This article was originally published on APU.edu.
Wendi Dykes, Ph.D., plays with LEGO bricks every day. Dykes, an assistant professor in Azusa Pacific University’s Department of Leadership and Organizational Psychology, along with her colleagues Edgar Barron, Ed.D., Shawna Lafreniere, Ph.D., Jillian Gilbert, DSL., Susan Barton, M.A., are certified LEGO SERIOUS PLAY(LSP) facilitators who teach graduate students how to use LEGOs for something more than just making fun creations. Their innovative work recently garnered national attention from Fast Company's 2019 World Changing Ideas (WCI) Awards with an honorable mention in the Education category. More than 2,000 companies and organizations representing dozens of fields entered the WCI competition.
“LEGO SERIOUS PLAY is a tested methodology that helps organizations thrive,” Dykes said. “We’re using it to teach students organizational systems, organizational change structures, leadership development, team learning, team identity, and more.”
Prior to teaching at APU, Dykes worked at LEGOLAND California for 11 years as their director of organization development and training, where she received international honors for her programs and strategies. “I used LEGO as part of my workshops and training there, but it wasn’t until four years ago that I became certified as an LSP facilitator,” Dykes said. “I even used LEGO as part of my dissertation. I studied how LSP can increase creative confidence in individuals to help them solve complex challenges.”
This is exactly what Dykes does in her classes. “In the Organizational Systems: Theories of Change class this semester, we start the process of building an organizational system. We choose something the students all have in common. Then they each use LEGO to build a model of their own that represents this,” Dykes said. “We come together and share our creations and, in turn, we learn about each others’ unique perceptions. Next, we create a new, collaborative model. Every single person has to feel represented.”

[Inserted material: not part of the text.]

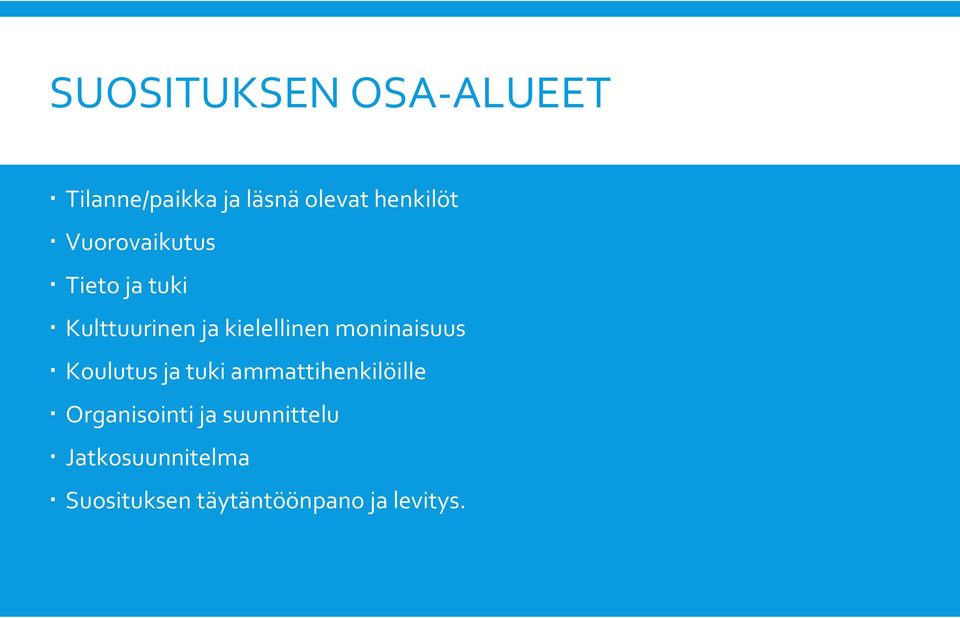 moninaisuus Koulutus ja tuki ammattihenkilöille Organisointi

Dykes said it is exciting to watch these graduate students work with LEGO, as individuals at first, then as a group. After they finish the collaborative model, they map out the bridges and barriers they may come across within the particular challenge. “It’s really eye opening for people,” she said. “The ultimate goal of this class is to understand how vast a system is, with all the subsystems within the larger organization. To visualize that is powerful. It’s fun, but it’s hard work. It’s also rewarding for me as a professor because I get to see students experience a deeper level of learning when they build something external from themselves.”

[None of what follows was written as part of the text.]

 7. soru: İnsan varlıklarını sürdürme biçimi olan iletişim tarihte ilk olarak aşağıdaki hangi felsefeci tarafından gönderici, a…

Initially, some students are uncomfortable with the idea of building with LEGOs because they were never fond of them as kids and don’t think they’re creative. Dykes said this doesn’t matter because LSP is not about being creative; it’s about building the muscle of creative confidence. “The important part is the process and the story that the individual attributes to the brick,” Dykes said. “Whatever you make in the world of LEGO, it’s right.”
In addition to teaching her students LSP, Dykes plans to bring the founder of LSP, Robert Rasmussen, to APU so students can learn from him firsthand and be certified as LSP facilitators. “They can go into organizations and use this tool they learned in class,” Dykes said.
When students graduate from APU’s Organizational Psychology program they will have the competence and confidence to begin consulting for organizations, whether internally in a human resources department, externally for their own company, or as part of a larger consulting firm. “We’re training students to go into organizations using skills and tools to make a major impact.”